• Assigned task:
Word for word, set down the listing that appears after this line.

=== Section Start ===

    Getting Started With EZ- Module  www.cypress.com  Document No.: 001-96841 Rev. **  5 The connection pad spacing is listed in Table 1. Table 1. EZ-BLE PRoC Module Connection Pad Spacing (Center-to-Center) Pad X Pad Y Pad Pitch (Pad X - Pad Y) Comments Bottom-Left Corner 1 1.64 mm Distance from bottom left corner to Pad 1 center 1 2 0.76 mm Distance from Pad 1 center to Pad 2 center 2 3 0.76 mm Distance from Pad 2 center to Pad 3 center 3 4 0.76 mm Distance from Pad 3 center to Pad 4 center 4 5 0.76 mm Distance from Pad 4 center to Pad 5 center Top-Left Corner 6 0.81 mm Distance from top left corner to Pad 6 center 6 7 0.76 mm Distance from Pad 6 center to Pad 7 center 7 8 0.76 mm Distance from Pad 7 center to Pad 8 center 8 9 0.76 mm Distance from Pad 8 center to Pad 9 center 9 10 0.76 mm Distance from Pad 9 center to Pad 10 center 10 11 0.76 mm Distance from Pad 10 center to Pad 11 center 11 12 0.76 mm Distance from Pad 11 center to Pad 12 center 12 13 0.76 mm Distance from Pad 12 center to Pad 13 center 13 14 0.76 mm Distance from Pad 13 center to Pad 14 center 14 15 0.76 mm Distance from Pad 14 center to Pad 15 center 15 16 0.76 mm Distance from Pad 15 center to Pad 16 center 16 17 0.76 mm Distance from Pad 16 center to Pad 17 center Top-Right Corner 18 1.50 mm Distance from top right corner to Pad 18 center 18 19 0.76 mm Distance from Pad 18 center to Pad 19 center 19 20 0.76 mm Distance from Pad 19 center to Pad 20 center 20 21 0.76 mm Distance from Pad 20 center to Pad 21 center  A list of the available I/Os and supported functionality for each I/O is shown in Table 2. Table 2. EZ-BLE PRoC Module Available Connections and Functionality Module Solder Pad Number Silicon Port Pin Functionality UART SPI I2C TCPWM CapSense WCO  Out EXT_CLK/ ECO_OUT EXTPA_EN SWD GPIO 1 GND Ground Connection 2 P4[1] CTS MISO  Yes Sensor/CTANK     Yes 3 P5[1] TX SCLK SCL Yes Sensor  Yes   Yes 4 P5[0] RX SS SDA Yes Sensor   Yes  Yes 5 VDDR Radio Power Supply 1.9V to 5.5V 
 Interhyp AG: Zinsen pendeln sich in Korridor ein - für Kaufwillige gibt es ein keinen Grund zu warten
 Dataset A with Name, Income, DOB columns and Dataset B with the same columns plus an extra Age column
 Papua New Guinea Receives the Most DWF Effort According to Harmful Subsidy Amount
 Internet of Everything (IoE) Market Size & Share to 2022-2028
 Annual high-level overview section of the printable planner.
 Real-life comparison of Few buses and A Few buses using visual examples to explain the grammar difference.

=== Section End ===

• Response to the task:
    Getting Started With EZ- Module  www.cypress.com  Document No.: 001-96841 Rev. **  5 The connection pad spacing is listed in Table 1. Table 1. EZ-BLE PRoC Module Connection Pad Spacing (Center-to-Center) Pad X Pad Y Pad Pitch (Pad X - Pad Y) Comments Bottom-Left Corner 1 1.64 mm Distance from bottom left corner to Pad 1 center 1 2 0.76 mm Distance from Pad 1 center to Pad 2 center 2 3 0.76 mm Distance from Pad 2 center to Pad 3 center 3 4 0.76 mm Distance from Pad 3 center to Pad 4 center 4 5 0.76 mm Distance from Pad 4 center to Pad 5 center Top-Left Corner 6 0.81 mm Distance from top left corner to Pad 6 center 6 7 0.76 mm Distance from Pad 6 center to Pad 7 center 7 8 0.76 mm Distance from Pad 7 center to Pad 8 center 8 9 0.76 mm Distance from Pad 8 center to Pad 9 center 9 10 0.76 mm Distance from Pad 9 center to Pad 10 center 10 11 0.76 mm Distance from Pad 10 center to Pad 11 center 11 12 0.76 mm Distance from Pad 11 center to Pad 12 center 12 13 0.76 mm Distance from Pad 12 center to Pad 13 center 13 14 0.76 mm Distance from Pad 13 center to Pad 14 center 14 15 0.76 mm Distance from Pad 14 center to Pad 15 center 15 16 0.76 mm Distance from Pad 15 center to Pad 16 center 16 17 0.76 mm Distance from Pad 16 center to Pad 17 center Top-Right Corner 18 1.50 mm Distance from top right corner to Pad 18 center 18 19 0.76 mm Distance from Pad 18 center to Pad 19 center 19 20 0.76 mm Distance from Pad 19 center to Pad 20 center 20 21 0.76 mm Distance from Pad 20 center to Pad 21 center  A list of the available I/Os and supported functionality for each I/O is shown in Table 2. Table 2. EZ-BLE PRoC Module Available Connections and Functionality Module Solder Pad Number Silicon Port Pin Functionality UART SPI I2C TCPWM CapSense WCO  Out EXT_CLK/ ECO_OUT EXTPA_EN SWD GPIO 1 GND Ground Connection 2 P4[1] CTS MISO  Yes Sensor/CTANK     Yes 3 P5[1] TX SCLK SCL Yes Sensor  Yes   Yes 4 P5[0] RX SS SDA Yes Sensor   Yes  Yes 5 VDDR Radio Power Supply 1.9V to 5.5V 
 Interhyp AG: Zinsen pendeln sich in Korridor ein - für Kaufwillige gibt es ein keinen Grund zu warten
 Dataset A with Name, Income, DOB columns and Dataset B with the same columns plus an extra Age column
 Papua New Guinea Receives the Most DWF Effort According to Harmful Subsidy Amount
 Internet of Everything (IoE) Market Size & Share to 2022-2028
 Annual high-level overview section of the printable planner.
 Real-life comparison of Few buses and A Few buses using visual examples to explain the grammar difference.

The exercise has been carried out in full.